Sono passati oltre cinque mesi dalla repentina caduta di Kabul per mano dei Talebani, il 15 agosto 2021. Dopo l’annuncio del disimpegno statunitense, l’esercito afghano si era rapidamente sfaldato e il presidente Ashraf Ghani costretto a riparare all’estero. Mentre il mondo inorridiva per le scene apocalittiche all’aeroporto, con centinaia di voli al giorno stipati all’inverosimile da esuli in fuga per evitare la morte, i vecchi padroni riprendevano possesso di Kabul seminando terrore e fanatismo religioso.

Con il cambio di regime ha ripreso piede il business principale dei signori del terrore: quello dell’oppio, con cui i Talebani sperano di far fronte al taglio degli aiuti da parte delle potenze occidentali. Nonostante attualmente versi in uno stato pietoso, in futuro l’Afghanistan potrebbe diventare un narcostato investito da un fiume di denaro che andrebbe a ingrossare le fila del terrorismo islamico. L’oppio è il succo lattiginoso estratto dalle capsule non mature di alcune varietà di papavero e da esso si ricavano morfina ed eroina.

La coltivazione di oppio in Afghanistan

La coltivazione dell’oppio su larga scala è iniziata dopo l’invasione militare sovietica del dicembre 1979. Oggi, secondo l’Ufficio delle Nazioni Unite contro la droga (UNODC), i boss afgani controllano circa l’85% della produzione mondiale. Quando nel 2001 gli Stati Uniti invasero il paese per rovesciare i Talebani, la produzione crollò da una media di 2000 tonnellate a solo 78. Presto la tendenza si invertì e nel 2020 si sono registrate 6.300 tonnellate di oppio, un record destinato ad essere superato in futuro.

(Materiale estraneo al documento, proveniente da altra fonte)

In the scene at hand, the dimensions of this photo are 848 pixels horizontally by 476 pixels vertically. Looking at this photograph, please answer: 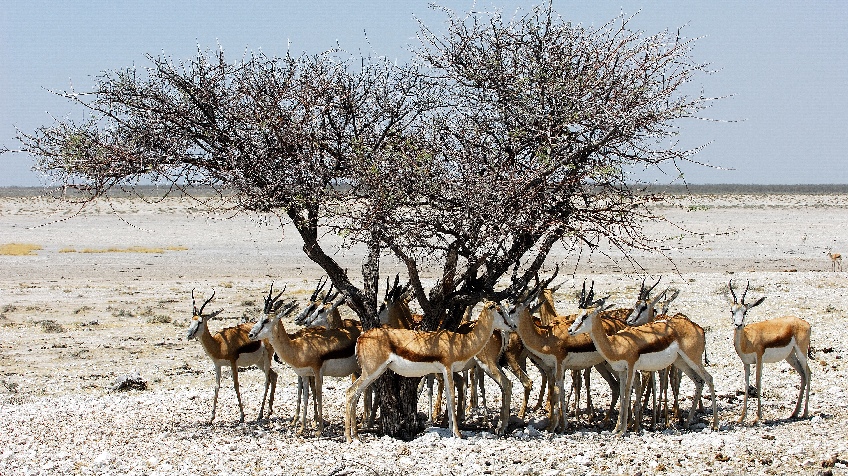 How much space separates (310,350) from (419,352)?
1680mm

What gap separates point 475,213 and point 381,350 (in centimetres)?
194

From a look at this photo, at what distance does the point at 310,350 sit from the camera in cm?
1162

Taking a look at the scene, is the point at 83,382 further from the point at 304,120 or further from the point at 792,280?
the point at 792,280

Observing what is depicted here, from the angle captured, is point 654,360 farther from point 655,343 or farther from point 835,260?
point 835,260

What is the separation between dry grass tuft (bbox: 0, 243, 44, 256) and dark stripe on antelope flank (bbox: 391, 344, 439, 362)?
107 ft

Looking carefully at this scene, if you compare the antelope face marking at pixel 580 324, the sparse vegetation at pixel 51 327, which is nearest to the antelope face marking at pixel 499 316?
the antelope face marking at pixel 580 324

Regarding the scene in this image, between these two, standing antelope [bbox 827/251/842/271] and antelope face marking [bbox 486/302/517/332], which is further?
standing antelope [bbox 827/251/842/271]

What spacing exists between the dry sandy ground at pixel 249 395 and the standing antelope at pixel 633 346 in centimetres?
67

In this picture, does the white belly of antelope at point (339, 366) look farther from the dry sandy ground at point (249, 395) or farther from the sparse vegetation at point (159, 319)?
the sparse vegetation at point (159, 319)

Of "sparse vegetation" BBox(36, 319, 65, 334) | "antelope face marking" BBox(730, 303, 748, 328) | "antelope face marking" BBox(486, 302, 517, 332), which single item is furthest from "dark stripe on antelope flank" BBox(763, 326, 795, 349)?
"sparse vegetation" BBox(36, 319, 65, 334)

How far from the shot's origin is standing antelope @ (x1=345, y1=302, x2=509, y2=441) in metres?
10.6

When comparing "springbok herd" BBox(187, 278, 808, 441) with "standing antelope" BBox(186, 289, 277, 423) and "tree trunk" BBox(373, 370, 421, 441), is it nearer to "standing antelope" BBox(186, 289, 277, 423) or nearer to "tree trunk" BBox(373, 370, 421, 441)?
"standing antelope" BBox(186, 289, 277, 423)

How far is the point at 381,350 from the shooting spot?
418 inches

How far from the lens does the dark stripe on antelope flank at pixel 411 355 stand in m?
10.5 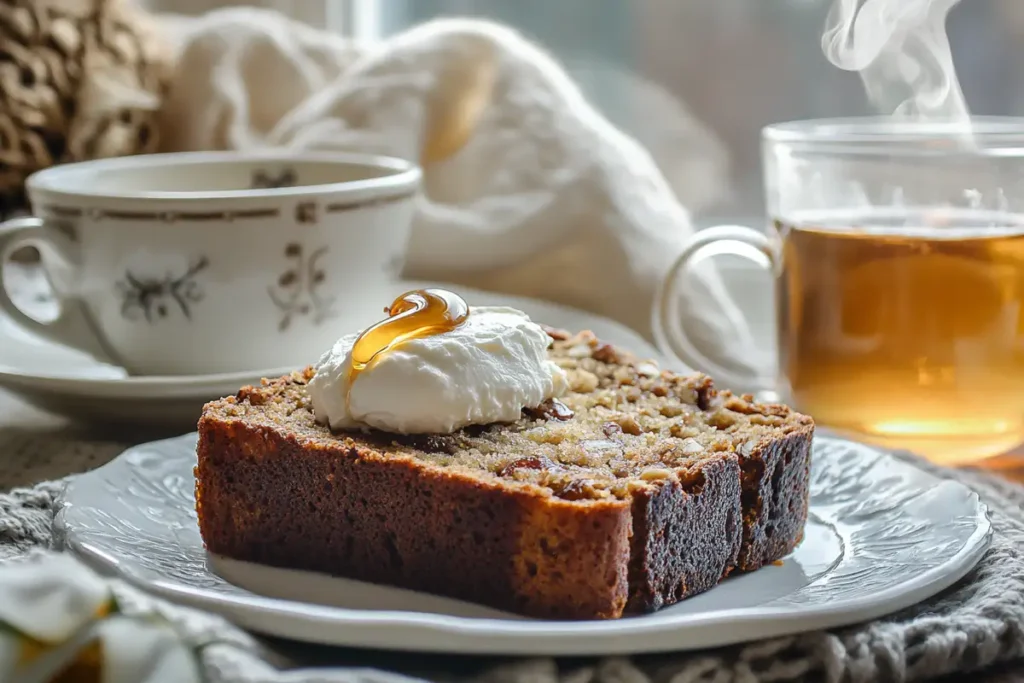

La coltivazione di oppio in Afghanistan

Piantagione in Afghanistan (via Pexels)

Mike Marsac, funzionario in pensione della Drug Enforcement Administration, ha raccontato gli stretti legami tra narcotrafficanti e Talebani. Il suo collega Keith Bishop, che ha operato presso una base congiunta di DEA e polizia afghana a Kabul, ha rivelato che il regime considera l’oppio un’arma per annientare i suoi nemici in patria e nel mondo. Nei venti anni di occupazione gli occidentali hanno provato a spezzare il legame tra cartello e Talebani, ma inutilmente. Si è provato a finanziare alcuni capi di tribù afghane per allontanarli dal regime, ma soltanto per scoprire che quasi tutti facevano il doppio gioco.

Un business da capogiro

Le cifre sono impressionanti: secondo l’Ufficio delle Nazioni Unite contro la droga e il crimine, la coltivazione di oppio in Afghanistan genera un fatturato compreso tra 1,2 e 2,1 miliardi di Dollari all’anno. Nel 2010 il paese è diventato il più grande produttore mondiale di hashish e, dal 2015, produce anche metanfetamina. Nel 2018 la BBC ha rivelato che, nelle province da loro controllate, i Talebani imponevano una tassa del 10% in ogni fase del processo di produzione dell'oppio incassando cifre da capogiro, secondo alcuni 1,5 miliardi di Dollari.

L’abbondanza di offerta ha determinato un forte calo dei prezzi, ma ormai i Talebani sono così potenti da potersi permettere di manipolare il mercato. Dalla scorsa estate questo stato asiatico controllato da fanatici religiosi dispone del monopolio mondiale della produzione di oppio ed eroina. Non è difficile immaginare che questi proventi andranno ad ingrossare il budget del terrorismo islamico con ricadute su tutto il pianeta. Il mondo potrebbe presto trovarsi a fare i conti con il narcostato più ricco e meglio armato mai visto.